#### REQUIRED WORK:
What you output must be the exact lines from the first line of the data through the one holding "Silver Tripe Chain Drop Earrings", with no pictures.

(Pictures with short captions)
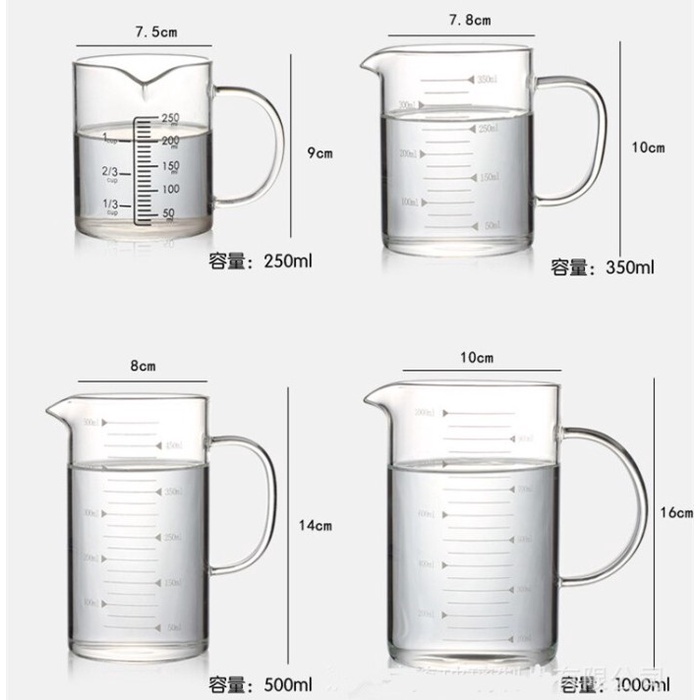 Cangkir Gelas Takar Ukur Measuring Cup Glass 1000ml - GG-18 - Transparent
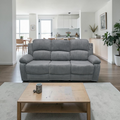 Latitude Run Dark Grey Corduroy 3-Seat Manual Recliner Sofa With Drop-Down Table & Cup Holders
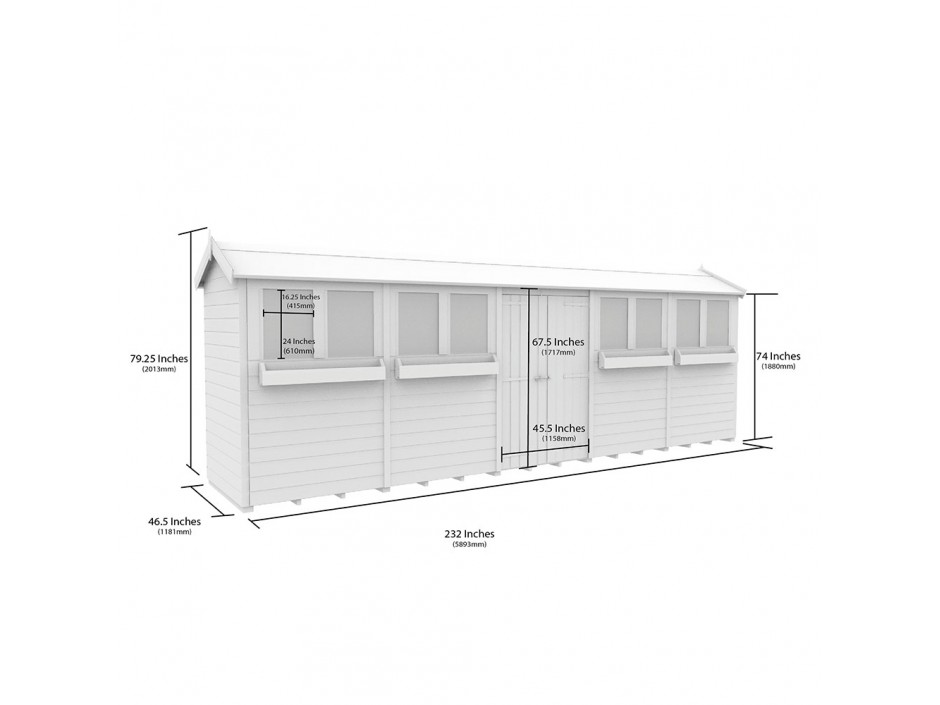 4ft x 20ft Apex Summer Shed
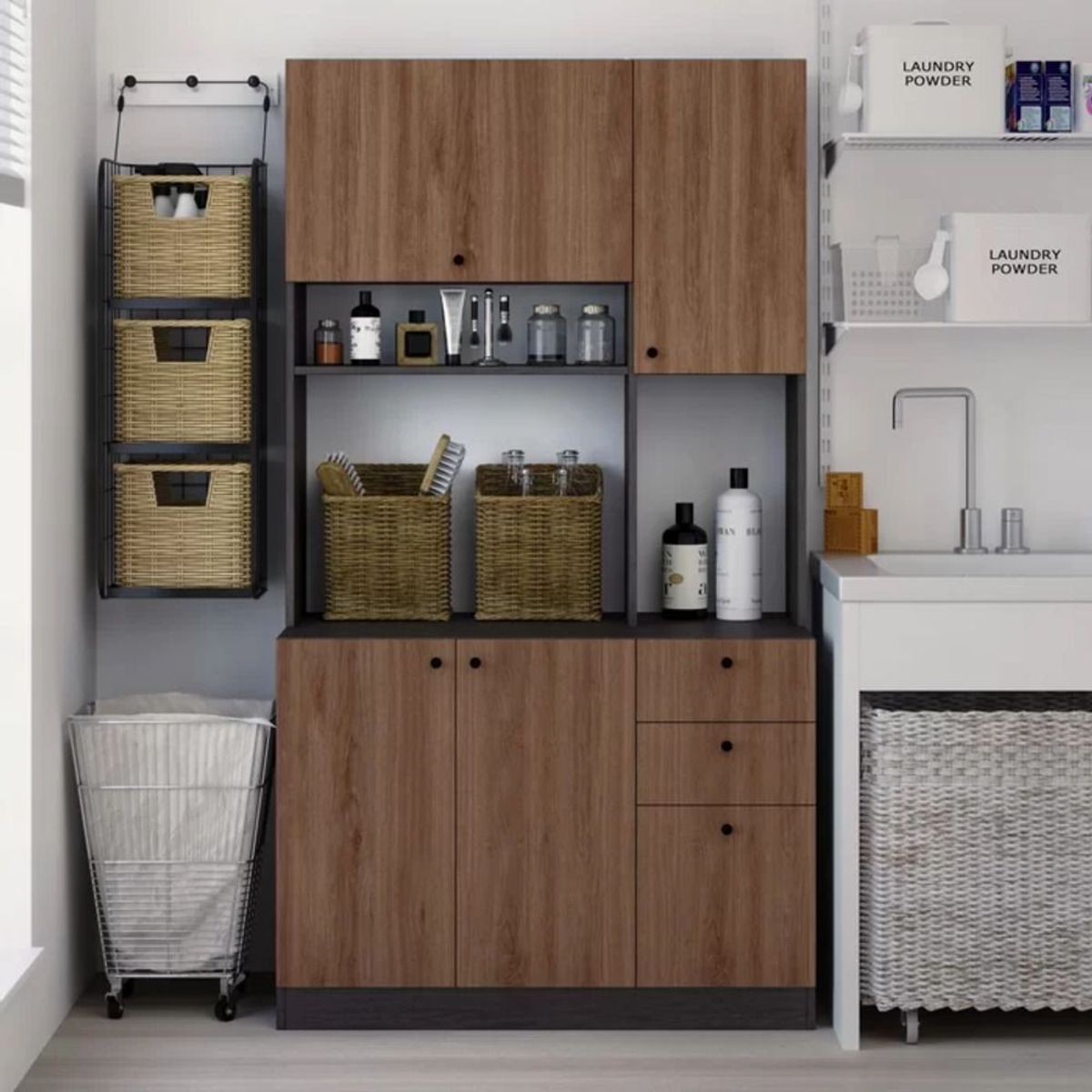 TU MESITA - Mueble para Microondas con Organizador Pascual color MarrónNegro TU MESITA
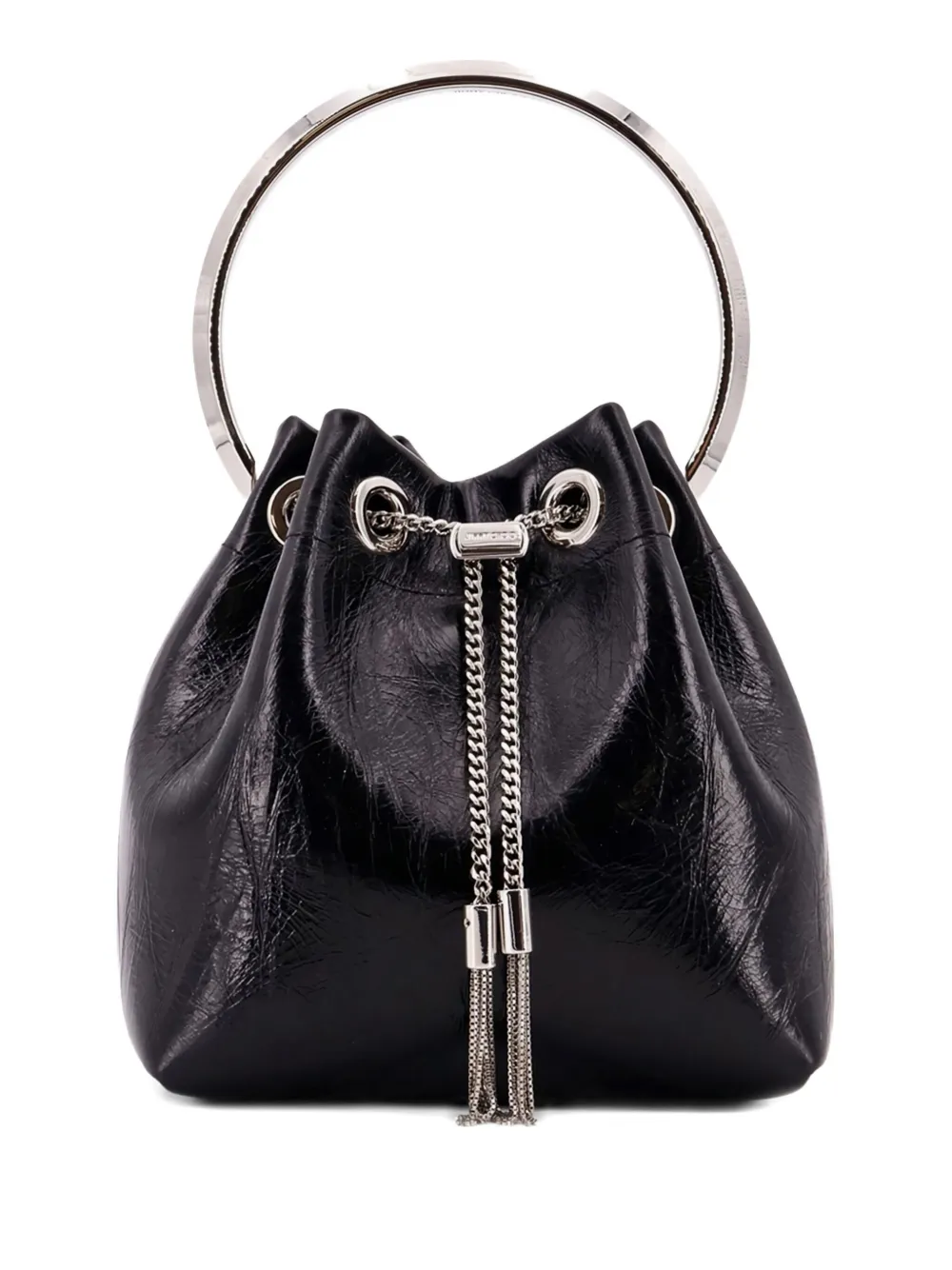 Jimmy Choo Bon circular-handle drawstring bag Zwart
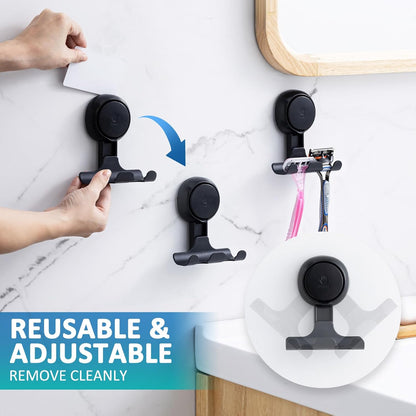 TAILI No Drill Powerful Suction Cup Razor Holder for Shower 2 Pack, Black | Waterproof, Towel, Loofah, Shaver Holder for Shower Wall, Powerful Suction Cup Hooks for Bathroom, Easy to Install and Reuse
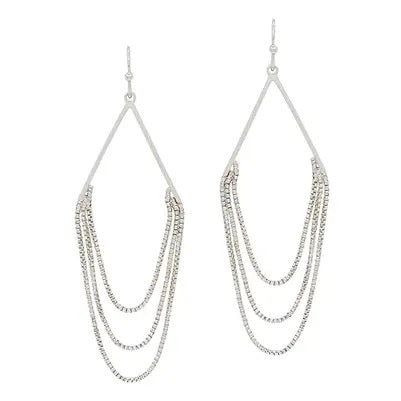 Silver Tripe Chain Drop Earrings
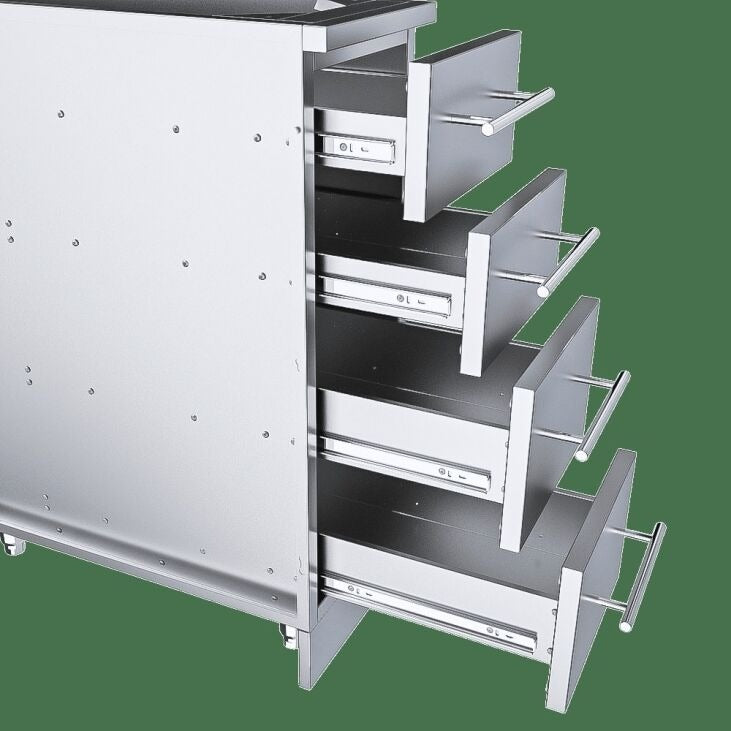 Sunstone 12″ 4 Multi Drawer Storage Base Cabinet – SBC12SMD - All Drawers Open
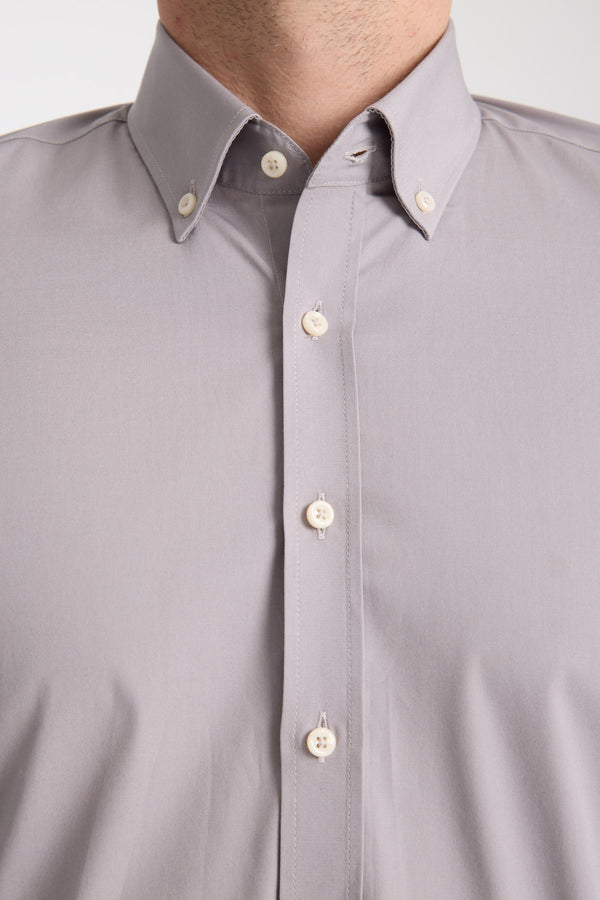 Chemise Homme Leonardo Essential Popelin Stretch Gris clair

#### SOLUTION FOR THIS TASK:
 Cangkir Gelas Takar Ukur Measuring Cup Glass 1000ml - GG-18 - Transparent
 Latitude Run Dark Grey Corduroy 3-Seat Manual Recliner Sofa With Drop-Down Table & Cup Holders
 4ft x 20ft Apex Summer Shed
 TU MESITA - Mueble para Microondas con Organizador Pascual color MarrónNegro TU MESITA
 Jimmy Choo Bon circular-handle drawstring bag Zwart
 TAILI No Drill Powerful Suction Cup Razor Holder for Shower 2 Pack, Black | Waterproof, Towel, Loofah, Shaver Holder for Shower Wall, Powerful Suction Cup Hooks for Bathroom, Easy to Install and Reuse
 Silver Tripe Chain Drop Earrings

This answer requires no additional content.